What you need to do. As the output, give exactly the lines that run from the one with "Sweet Ball Gowns" through the end of the records below, and omit pictures.

Image-caption web data
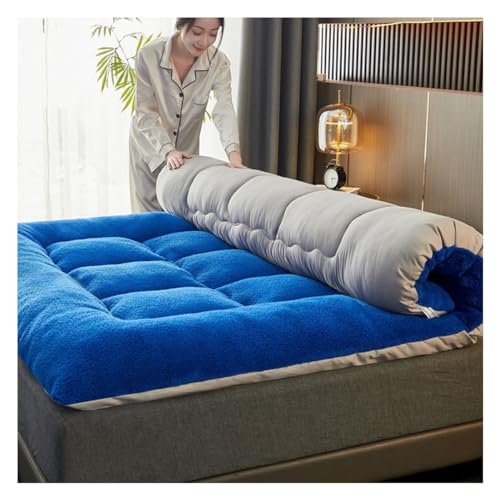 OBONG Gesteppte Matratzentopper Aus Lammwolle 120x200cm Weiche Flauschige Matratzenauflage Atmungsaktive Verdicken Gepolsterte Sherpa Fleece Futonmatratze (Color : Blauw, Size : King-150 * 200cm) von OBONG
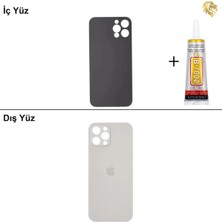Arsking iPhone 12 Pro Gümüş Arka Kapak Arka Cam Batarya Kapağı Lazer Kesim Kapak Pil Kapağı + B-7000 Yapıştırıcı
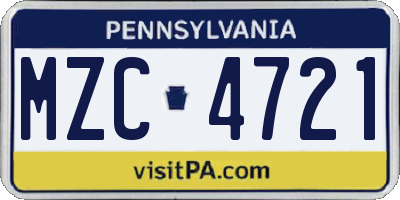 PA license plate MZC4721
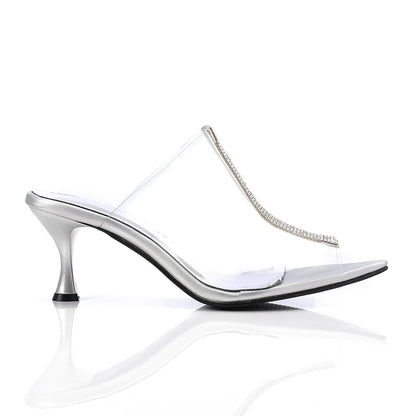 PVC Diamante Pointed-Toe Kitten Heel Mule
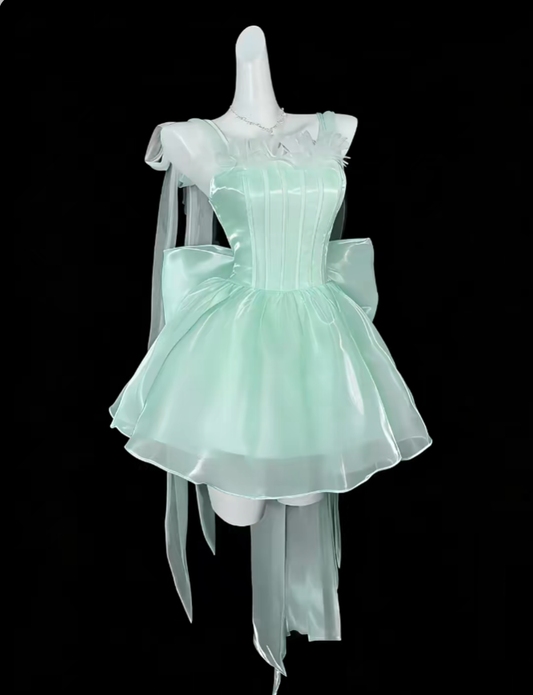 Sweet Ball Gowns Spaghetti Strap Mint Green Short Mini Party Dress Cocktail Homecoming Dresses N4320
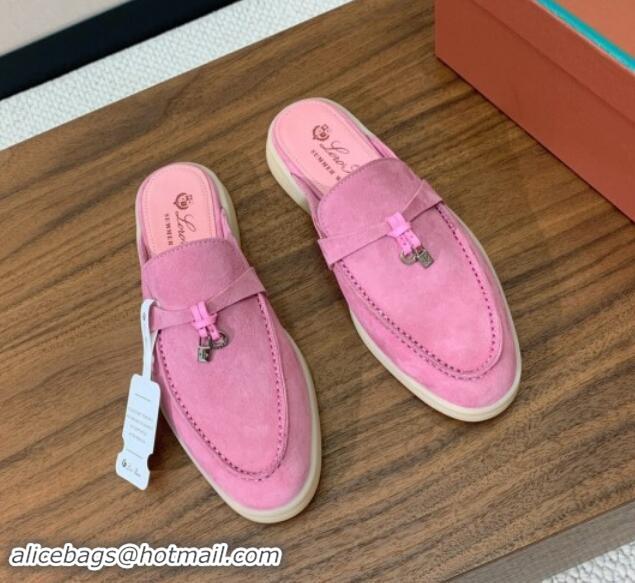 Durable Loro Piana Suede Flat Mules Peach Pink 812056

Result.
 Sweet Ball Gowns Spaghetti Strap Mint Green Short Mini Party Dress Cocktail Homecoming Dresses N4320
 Durable Loro Piana Suede Flat Mules Peach Pink 812056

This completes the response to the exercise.